Problem details:
Here the job is to print only the lines from the one containing "全球首席大百科风光风景大自然环境天空云海云朵" to the end of the entries, both included, exactly as they stand, with pictures excluded.
━━ Extracted data
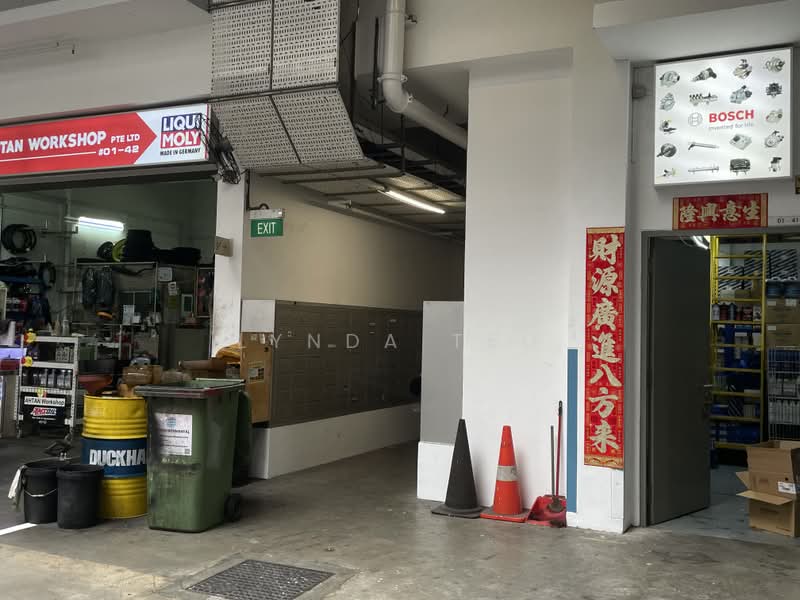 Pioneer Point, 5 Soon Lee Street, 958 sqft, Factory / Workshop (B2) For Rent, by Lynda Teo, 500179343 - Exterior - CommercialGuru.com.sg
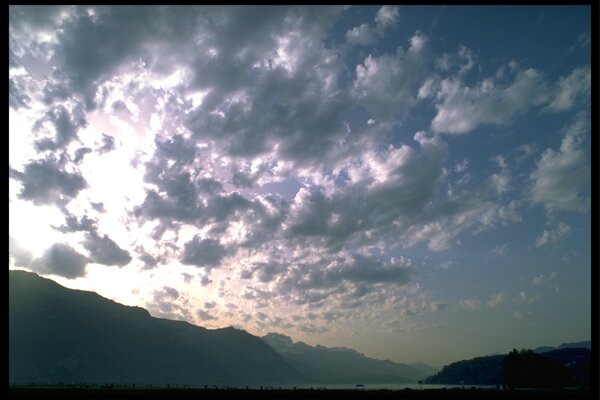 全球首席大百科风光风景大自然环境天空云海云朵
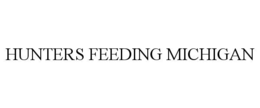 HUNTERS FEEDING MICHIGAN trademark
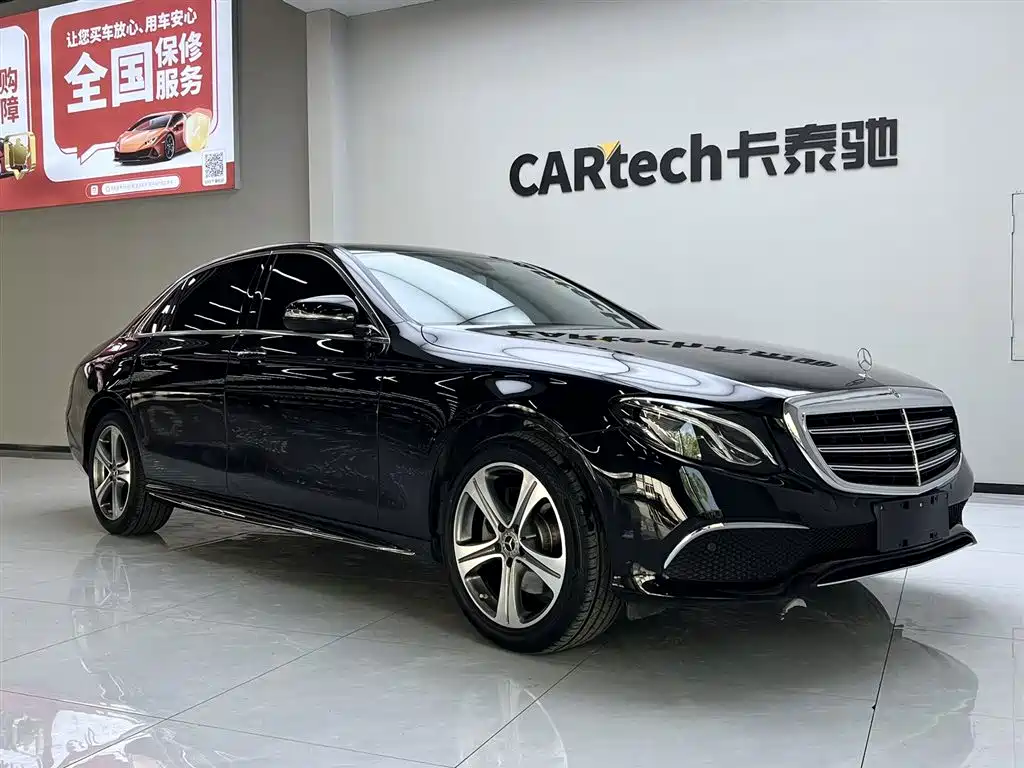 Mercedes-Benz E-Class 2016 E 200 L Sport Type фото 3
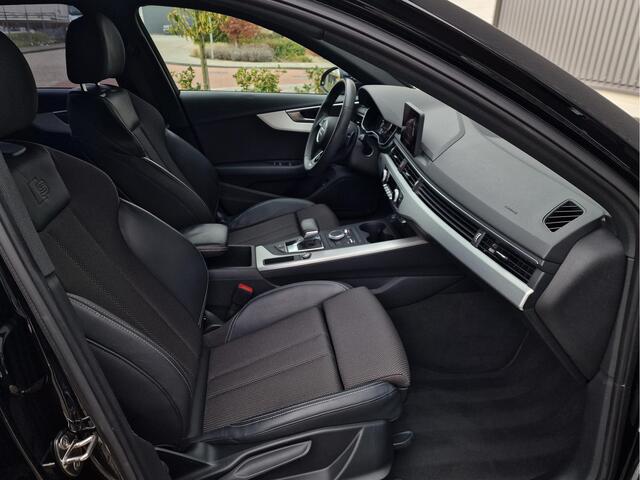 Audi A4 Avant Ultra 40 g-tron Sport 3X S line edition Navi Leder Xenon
━━━━
Written answer:
 全球首席大百科风光风景大自然环境天空云海云朵
 HUNTERS FEEDING MICHIGAN trademark
 Mercedes-Benz E-Class 2016 E 200 L Sport Type фото 3
 Audi A4 Avant Ultra 40 g-tron Sport 3X S line edition Navi Leder Xenon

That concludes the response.